INSTRUCTIONS TO FOLLOW:
Leaving out the pictures, return each line of the entries from the first through the line with "Immunohistochemistry: RBBP9 Antibody", and only those lines.

START MATERIAL FOR THIS EXERCISE

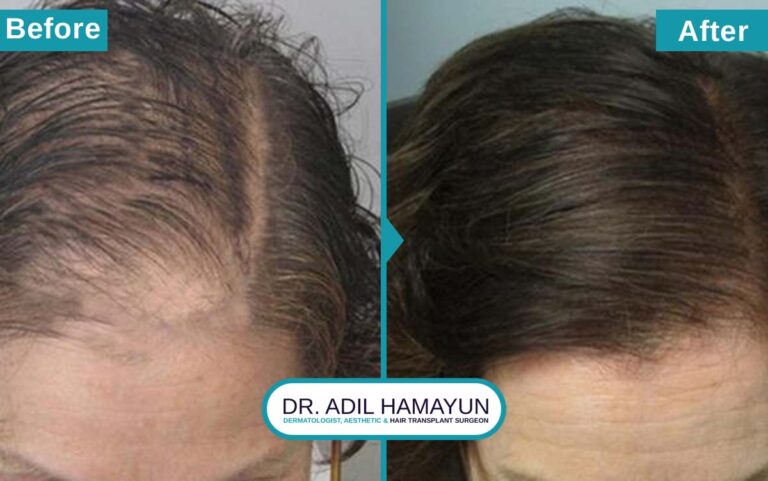 Best Hair Transplant For Women in Peshawar & Islamabad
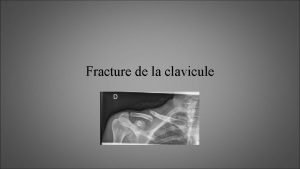 Rx clavicule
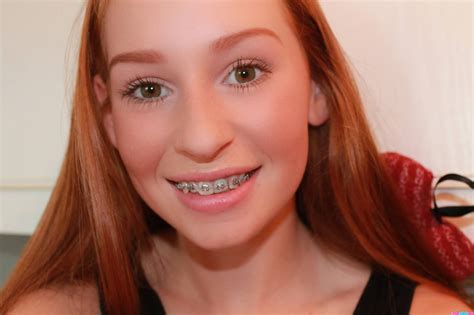 Pin On Girls With Braces 465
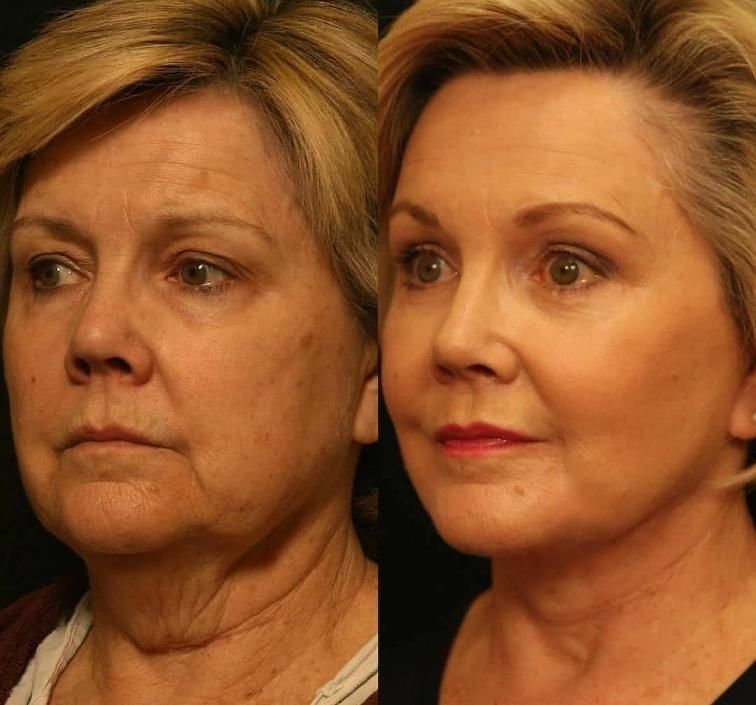 CE 1ml Improve Facial Wrinkles Hyaluronic Acid Dermal Filler for Nose Augmentation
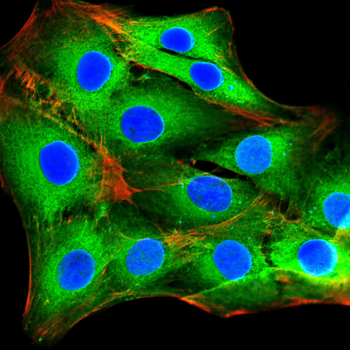 KLK2 Antibody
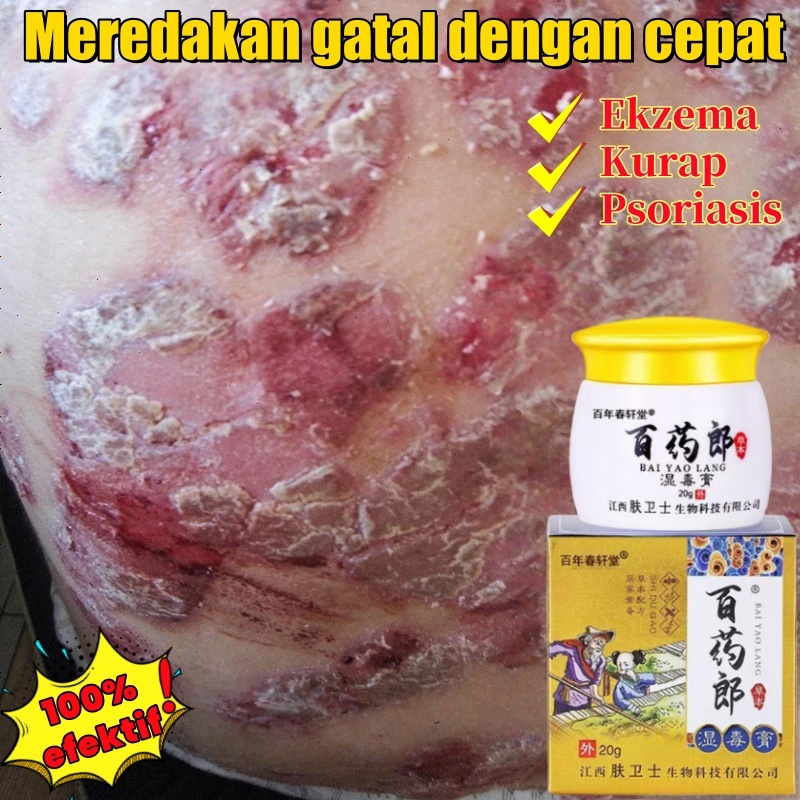 Salap Gatal Kulit Yang Ampuh Salep Eksim Kering Paling Ampuh Obat Jamur Kulit Salep Eksim Kering Pal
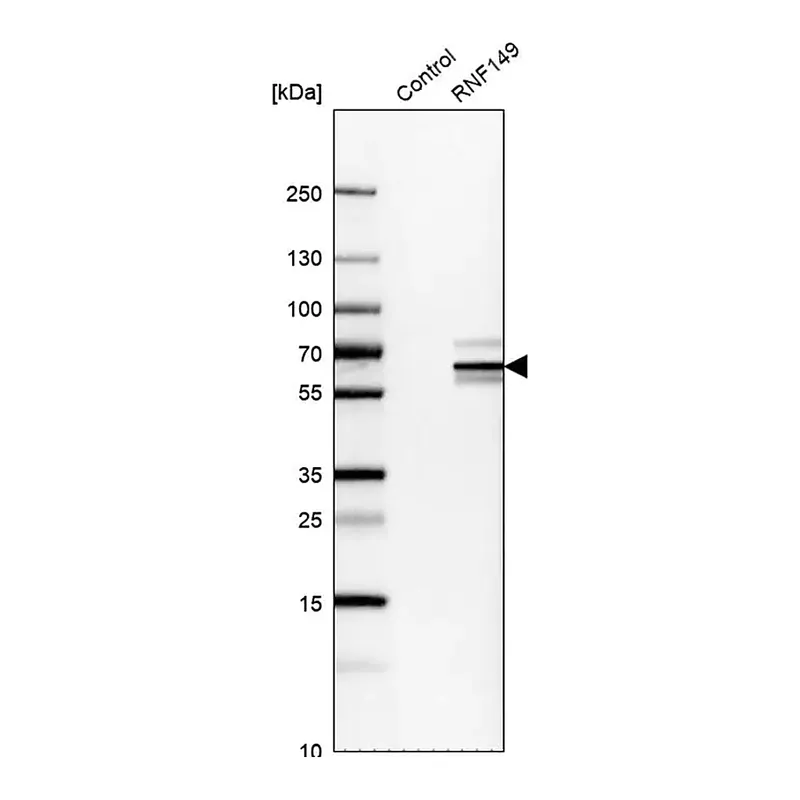 Merck Anti-RNF149 antibody produced in rabbit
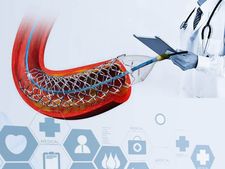 இதய நோயாளிகளுக்கு பயன்படும் stent-களின் விலை மீண்டும் உயர்வு..! 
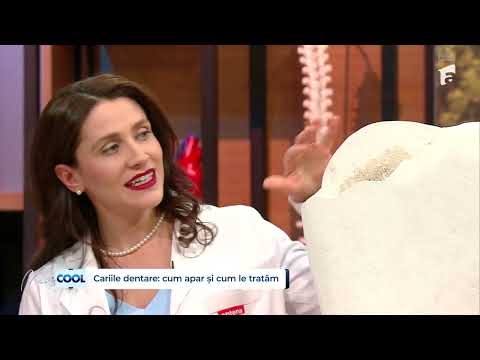 Cauzele apariției cariilor dentare | Stomatologul Alina Scorțea ne spune cum le putem trata
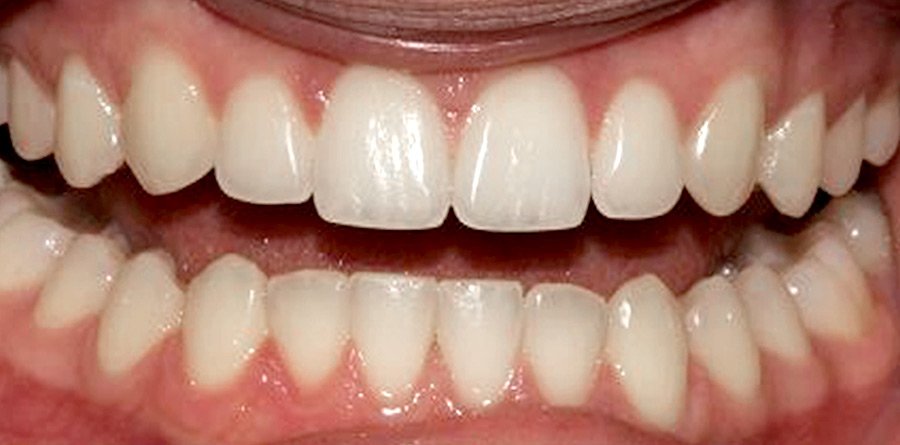 On-Track-Dental-dentist-Rosanna-Melbourne-results-03b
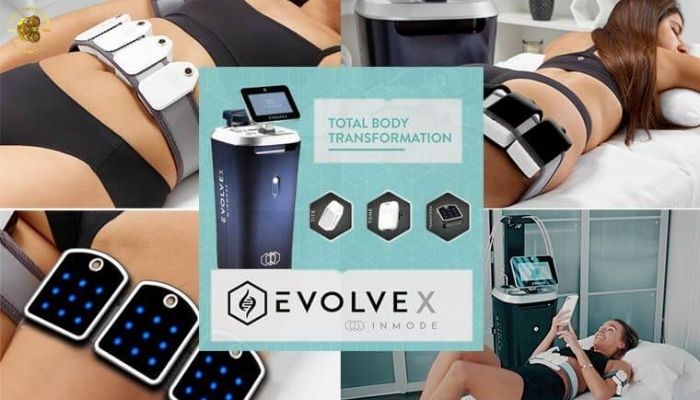 Vì sao EvolveX InMode được đánh giá cao trong công nghệ tạo hình cơ thể?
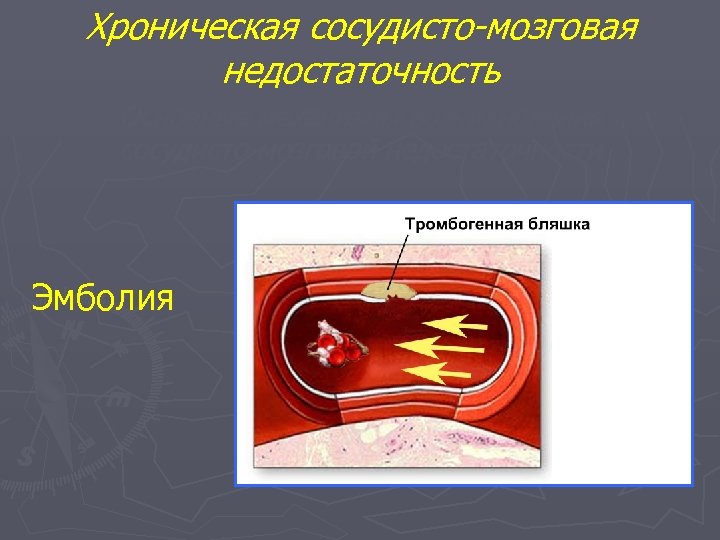 Хроническая сосудисто-мозговая недостаточность Основные механизмы возникновения сосудисто-мозговой недостаточности Эмболия 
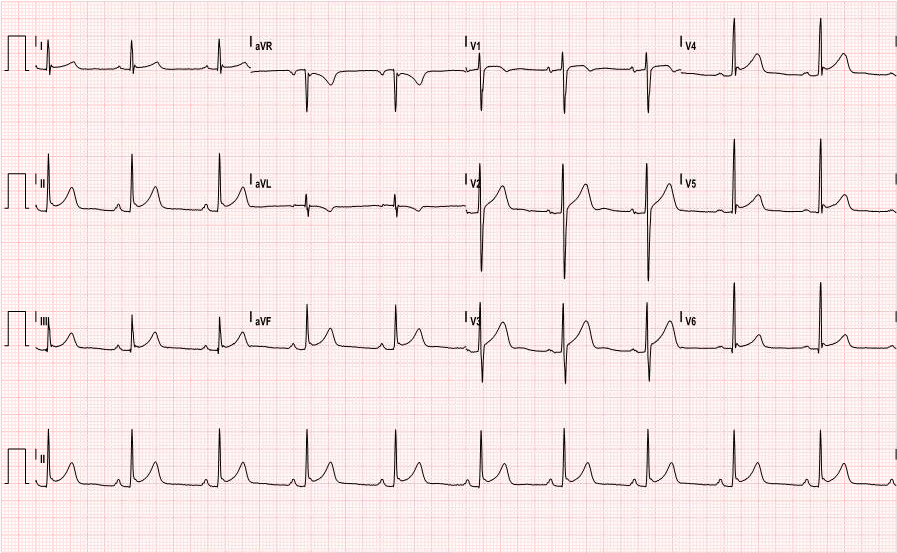  Electrocardiogram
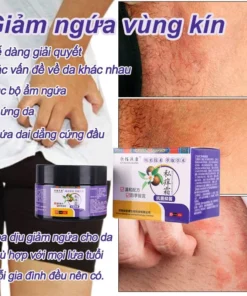Kem giảm ngứa Kem bôi nấm ngứa Chăm sóc vùng kín Chống ngứa nhanh 30g Giảm nhẹ ngứa da Bên trong đùi Hậu môn Chàm Mông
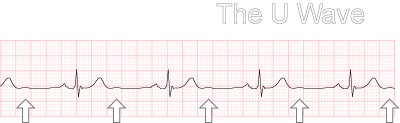 ECG displaying U waves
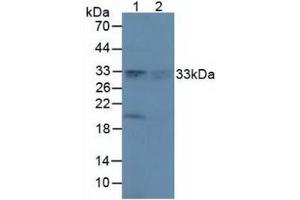 Western blot analysis of (1) Rat Brain Tissue and (2) Rat Lung Tissue. (Peroxiredoxin 4 anticorps  (AA 6-249))
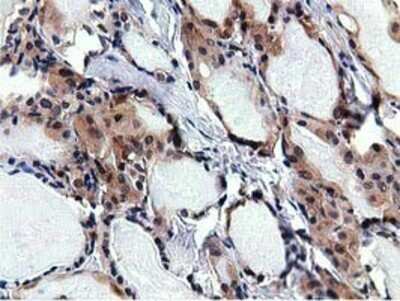 Immunohistochemistry: RBBP9 Antibody (OTI4G3) - Azide and BSA Free [NBP2-73828] - Staining of paraffin-embedded Carcinoma of Human thyroid tissue using anti-RBBP9 mouse monoclonal antibody.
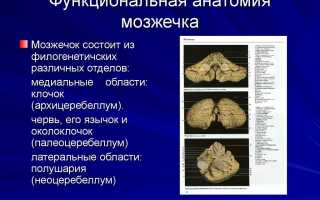 Опухоль мозжечка головного мозга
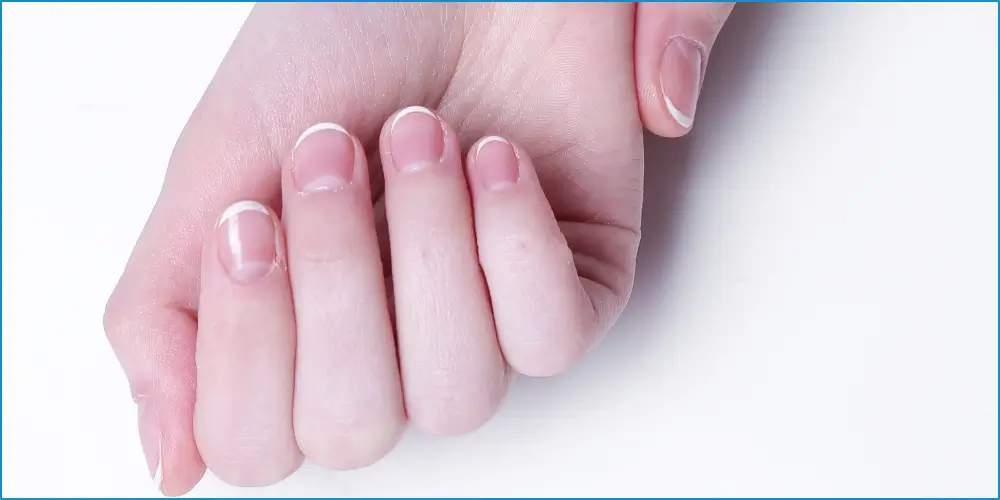 Unveiling the Causes of Herpes on Nails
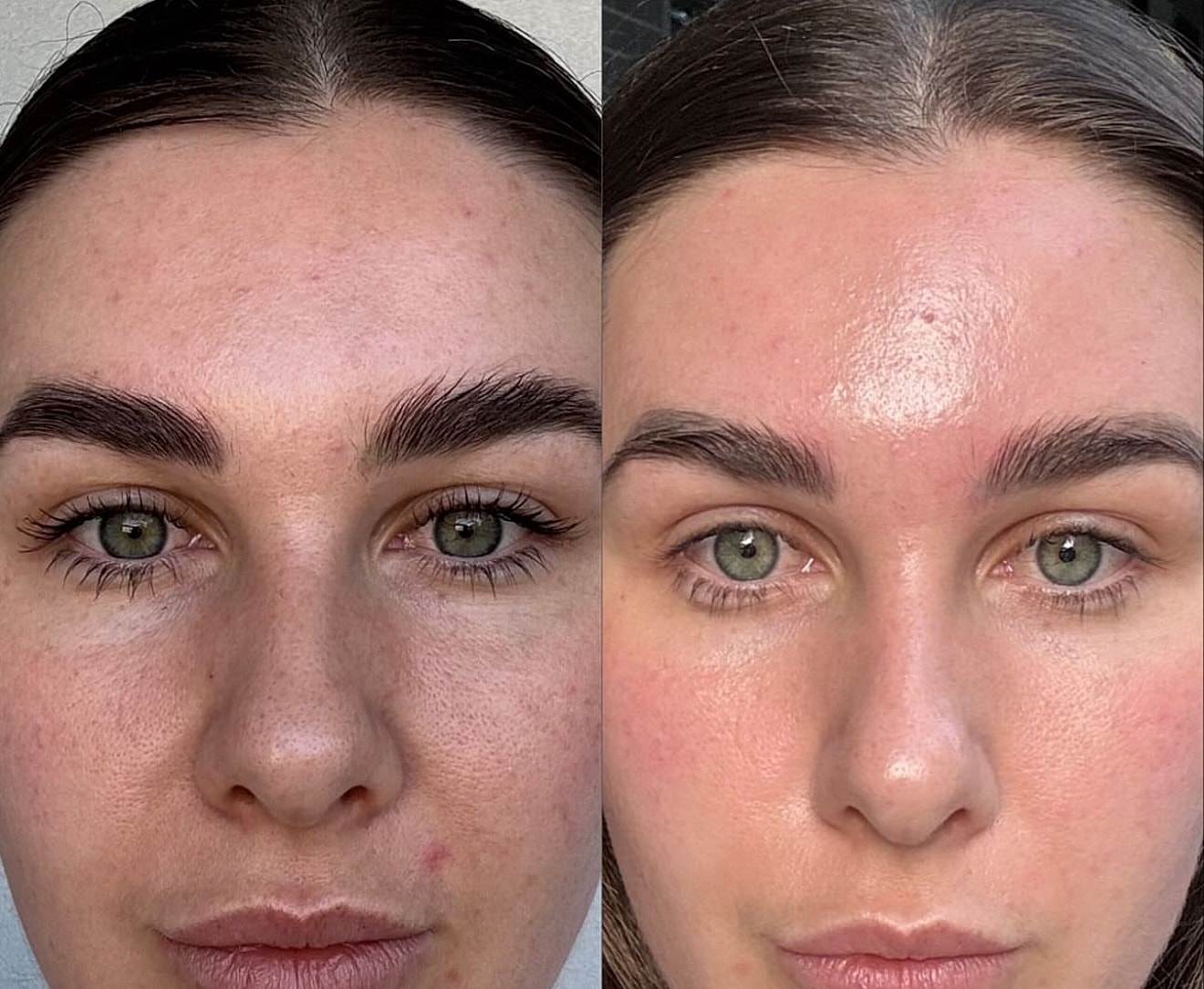 Laser Genesis Gallery Before & After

END MATERIAL FOR THIS EXERCISE

SOLVED PROBLEM:
 Best Hair Transplant For Women in Peshawar & Islamabad
 Rx clavicule
 Pin On Girls With Braces 465
 CE 1ml Improve Facial Wrinkles Hyaluronic Acid Dermal Filler for Nose Augmentation
 KLK2 Antibody
 Salap Gatal Kulit Yang Ampuh Salep Eksim Kering Paling Ampuh Obat Jamur Kulit Salep Eksim Kering Pal
 Merck Anti-RNF149 antibody produced in rabbit
 இதய நோயாளிகளுக்கு பயன்படும் stent-களின் விலை மீண்டும் உயர்வு..! 
 Cauzele apariției cariilor dentare | Stomatologul Alina Scorțea ne spune cum le putem trata
 On-Track-Dental-dentist-Rosanna-Melbourne-results-03b
 Vì sao EvolveX InMode được đánh giá cao trong công nghệ tạo hình cơ thể?
 Хроническая сосудисто-мозговая недостаточность Основные механизмы возникновения сосудисто-мозговой недостаточности Эмболия 
  Electrocardiogram
Kem giảm ngứa Kem bôi nấm ngứa Chăm sóc vùng kín Chống ngứa nhanh 30g Giảm nhẹ ngứa da Bên trong đùi Hậu môn Chàm Mông
 ECG displaying U waves
 Western blot analysis of (1) Rat Brain Tissue and (2) Rat Lung Tissue. (Peroxiredoxin 4 anticorps  (AA 6-249))
 Immunohistochemistry: RBBP9 Antibody (OTI4G3) - Azide and BSA Free [NBP2-73828] - Staining of paraffin-embedded Carcinoma of Human thyroid tissue using anti-RBBP9 mouse monoclonal antibody.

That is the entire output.